The weather has started changing for the worse, and it will not be long before snowstorms and avalanches slam the road leading to Srinagar, shutting the area off until April-May.
Shepherds, along with their flock, have left the higher reaches for better pastures; gypsies, who usually dwell at higher altitudes, have started packing up their little belongings, abandoning their low-roofed huts. A 15-foot-high snow blanket will keep the landscape and the region safe till they return from their annual sojourn, mostly in Jammu.
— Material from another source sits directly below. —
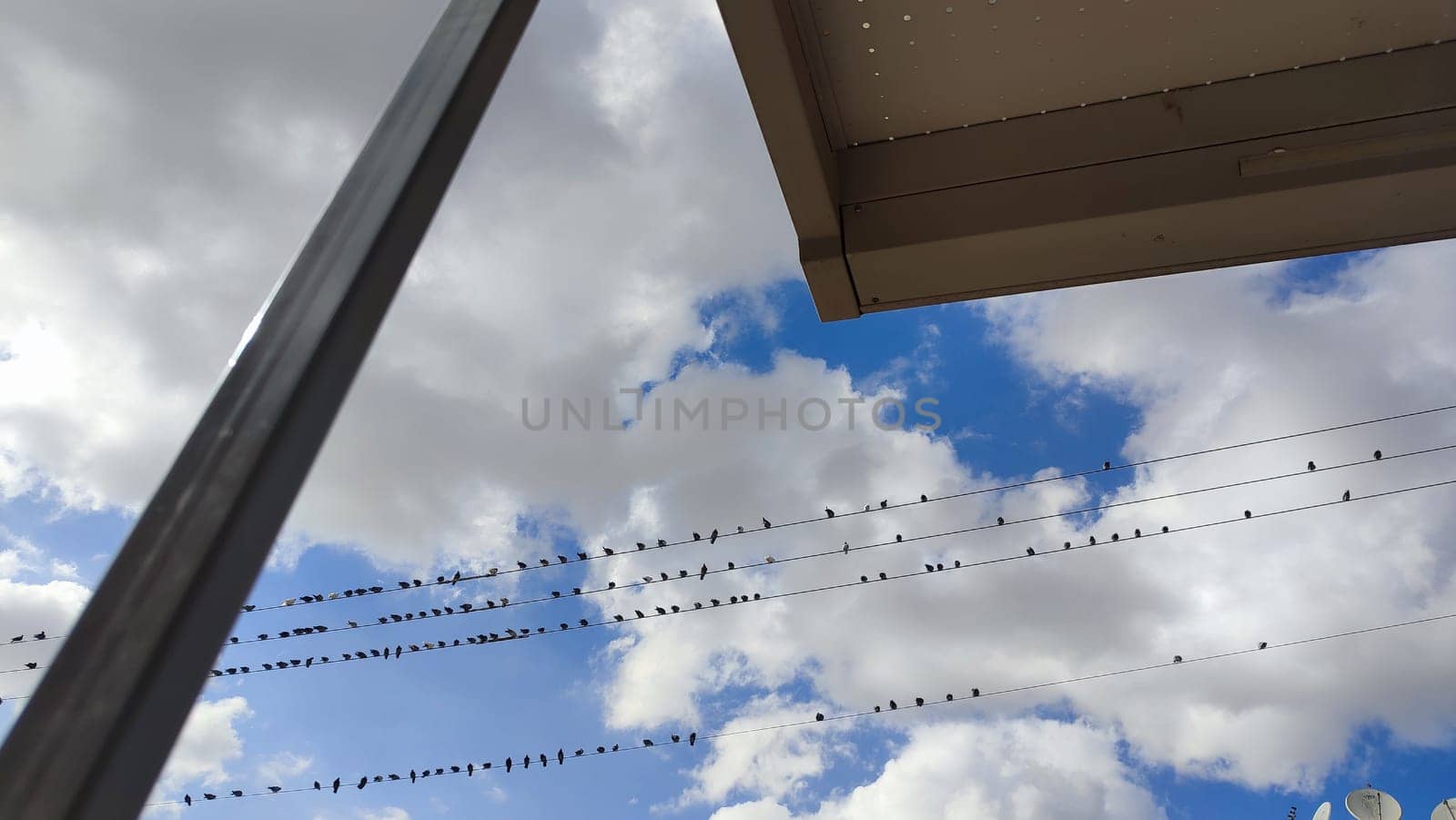 Blue light sky nature white clouds whether background . High quality photo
Iqbal will retreat to his village with his horse, Sunder, and live on the money the mount earns for his master, carrying tourists to otherwise inaccessible snow-clad peaks. “We earn only for six months. Once home, we just sit idle… But I still have to buy fodder for the horse,” says Iqbal.
Iqbal must have made money this season with a rise in tourist arrivals, including in this lesser known, but pristine, abode made majestic by the mountains, the emerging Sind river and the snow-capped peaks.
He made a killing with his horse during the Amarnath Yatra too. But the unfortunate part is that he will not get any work in his village and has to sit out the winter. He charges up to Rs. 500 a trip.
The disruption in road connectivity hits taxi drivers, too. “Those who stay back in the valley are forced to cut the hiring charges down by two-thirds,” says a worried Shaukat Ali.
The Z-Morh tunnel, for which the foundation was laid on Wednesday, holds hope for them. Be that as it may, the better part of the workforce engaged at the worksite comprises migrants from Jharkhand. The locals are fewer at the worksite.
Majibur Rehman, Shabir Ansari and Riyasat Ansari are part of a group of 24 who arrived here six months ago from Barwa village of Jharkhand’s Sahebganj district. Braving the terrible weather, they too are counting their days. “We will return on October 20,” says Shabir who earns Rs. 200 a day. He pays up Rs. 50 to the catering facility for his day’s meal and spends a like sum on other requirements, saving half the earnings for his family.
The reason for their migration to such a far-flung place is that they have no faith in the government-sponsored Mahatma Gandhi National Rural Employment Guarantee Scheme; they allege they never received payments on time and, on most occasions, had to contend themselves with a part payment.
Surely, the tunnel will throw a new ray of light on the people of this region. One hopes it will boost winter tourism and help to check migration and joblessness.